2.2.1 Nieuw in te stellen bestemmingsreserve
Wij hebben in deze Nota van reserves en voorzieningen geen voorstellen om nieuwe bestemmingsreserves in te stellen. De meest recent ingestelde reserves zijn; de Reserve investeringsagenda, Egalisatiereserve groot (variabel) onderhoud wegen en vaarwegen en de Egalisatiereserve voormalige bdu verkeer en vervoer. Deze reserves zijn bij het vaststellen van de Begroting 2016 ingesteld.

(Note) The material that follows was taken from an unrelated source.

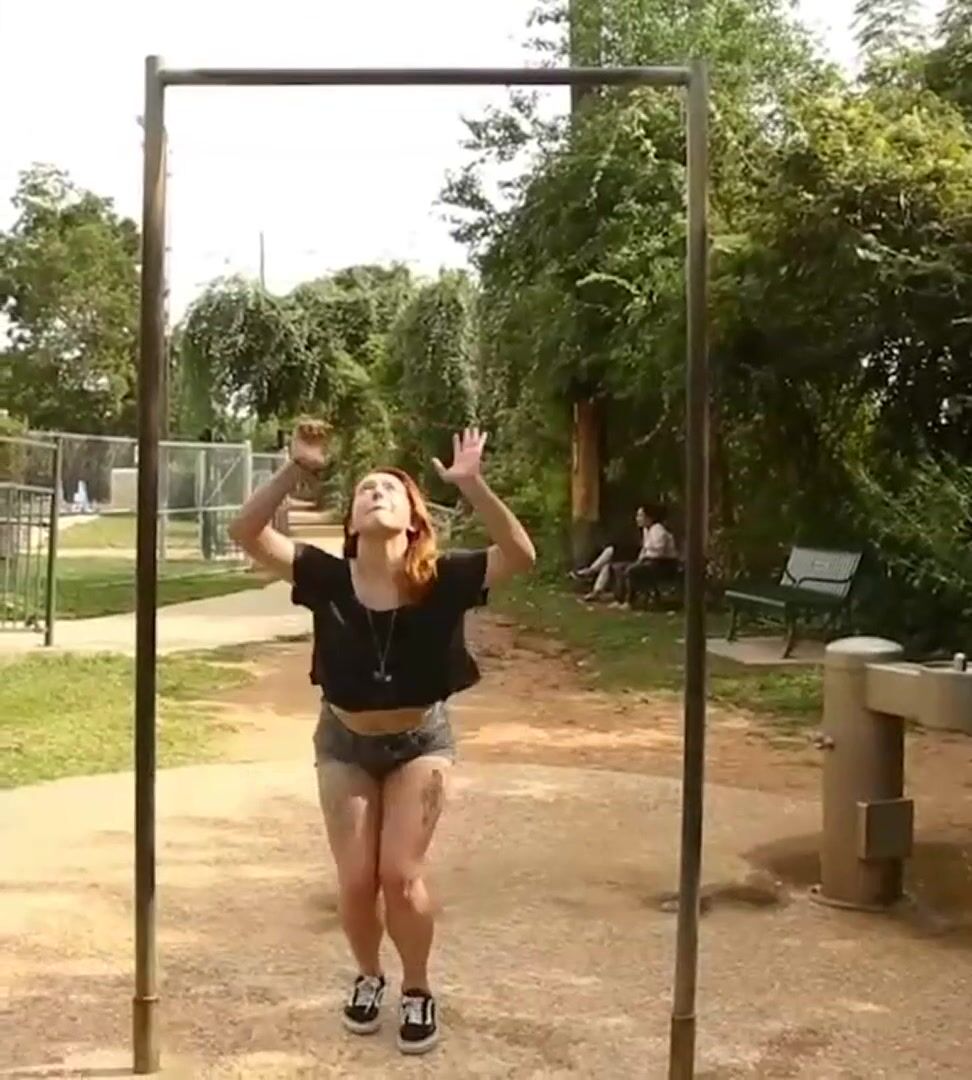 Bouncing on a horizontal bar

2.2.2 uitgangspunten bestemmingsreserves
De financieringsreserve is bij de Voorjaarsnota 2011 ingesteld voor het beschikbaar stellen van middelen voor cofinanciering van programma's en projecten op het ruimtelijk-economische gebied, om de doelstellingen die de provincie hanteert voor het omgevingsbeleid en het beleid inzake de regionale economie te realiseren. Als bodemstand wordt hiervoor een bedrag van € 80 miljoen aangehouden om rente baten te kunnen genereren, ter dekking van doelstellingen zoals hiervoor genoemd. In 2016 is een bedrag van € 15,5 miljoen afgeroomd en overgeheveld naar de Reserve investeringsagenda. Daarnaast is additioneel € 15 miljoen uit de financieringsreserve in 2016 onttrokken en ook aan de Reserve investeringsagenda toegevoegd, waardoor deze reserve tijdelijk onder de bodemstand kwam. De afspraak is dat incidentele meevallers, de opbrengst uit het vervolg van stofkam en positieve rekeningresultaten in de komende jaren, na het op peil brengen van de risicoreserve en het op peil houden (€ 5 miljoen) van de Reserve voor algemene doeleinden, gebruikt worden om de financieringsreserve weer aan te zuiveren tot de vastgestelde bodemstand.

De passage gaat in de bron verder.